Ma in Tibet c’è un proverbio molto bello che dice “Le mura esterne di pietra possono crollare, le mura interna del Dharma non possono essere distrutte”. Come a dire che malgrado i loro templi e i loro testi sacri siano stati distrutti la fede dei tibetani è rimasta integra. La forza dei tibetani è la loro identità. Ed è per questo che malgrado siano passati 58 anni e due generazioni dall’invasione, oggi monaci ventenni scendono in piazza a gridare Tibet libero. I cinesi lo sanno e sanno che solo distruggendo l’identità culturale del Tibet possono assimilarli.

Il Tibet ha anche grandi risorse.

Certo, poi vengono l’economia e le cose materiali, le materie prime, il territorio e soprattutto i fiumi. Dal Tibet nascono i cinque fiumi più importanti dell’Asia. L’Indo, il Bramaputra, il Mekong, il fiume Giallo e il fiume Azzurro. Le guerre del futuro saranno guerre per l’acqua, controllare la sorgente di fiumi che bagnano due miliardi e mezzo di persone sarà decisivo. E poi una piattaforma di 8mila metri di altezza è l’ideale per lanciare missili.

Lei ha vissuto trent’anni a stretto contatto con i tibetani. Quale insegnamento ha ricavato da questa esperienza?

Un insegnamento che mi ha modificato profondamente. Ho capito la loro spiritualità, una spiritualità che prescinde da un Dio creatore. Grandi maestri tibetani mi hanno spiegato come le forze del bene e del male saranno sempre presenti e in eterno contrasto tra loro. Nessuna riuscirà mai a prevalere. E io capii che c’era del vero in questa affermazione.
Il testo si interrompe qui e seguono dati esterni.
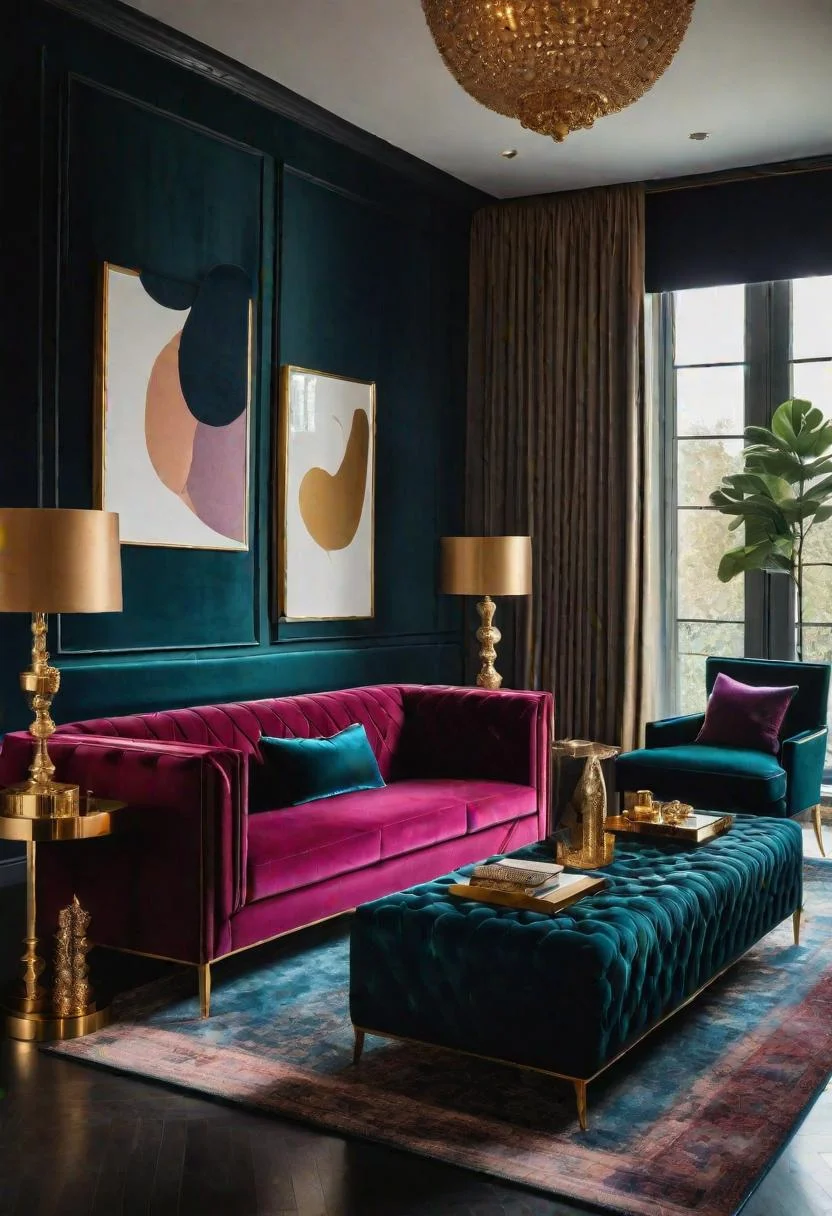 37 Cozy Contemporary Living Room Ideas: Modern Elegance 27 26. Luxe Jewel Tones & Velvet-0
Sono cinquemila anni che ci battiamo perché il bene vinca sul male ma questo non succede mai.

Nel pensiero tibetano non esiste il dualismo che caratterizza il pensiero occidentale. Non c’è un bene che si contrappone al male. Questo significa che noi non abbiamo nel cuore la macchia di un peccato originale. Quello che abbiamo è un’insidiosa nebbia nella nostra mente. Secondo l’insegnamento tibetano l’uomo, dopo un lungo percorso, ha la possibilità di uscire da questo “Samsara”, che è lo “stare nelle contraddizioni del mondo”, per salire a un livello più alto, il “Nirvana”.

Uno dei gradi maestri che ebbi la fortuna di incontrare mi spiegò che oltre la mente non esiste né samara, né nirvana. Il Libro tibetano dei morti, uno dei testi fondamentali del pensiero tibetano, ha come sottotitolo “Dottrina dell’autoliberazione mediante il riconoscimento delle divinità pacifiche e feroci della nostra mente”.

Le divinità pacifiche e feroci che noi vediamo dipinte nei monasteri tibetani non sono il diavolo, ma quello che abbiamo nella mente. E con un’attività costante è possibile modificare la nostra mente, favorendo gli atteggiamenti positivi e comprimendo quelli negativi, come mi ha detto il Dalai Lama. Da tutto questo risulta che la spiritualità è un processo di autoperfezionamento. Una spiritualità  che non impone il credere nei dogmi è di una modernità straordinaria.

Qual è la soluzione al problema tibetano?

E’ evidente qual è la soluzione al problema tibetano. E’ che crolli il regime comunista cinese.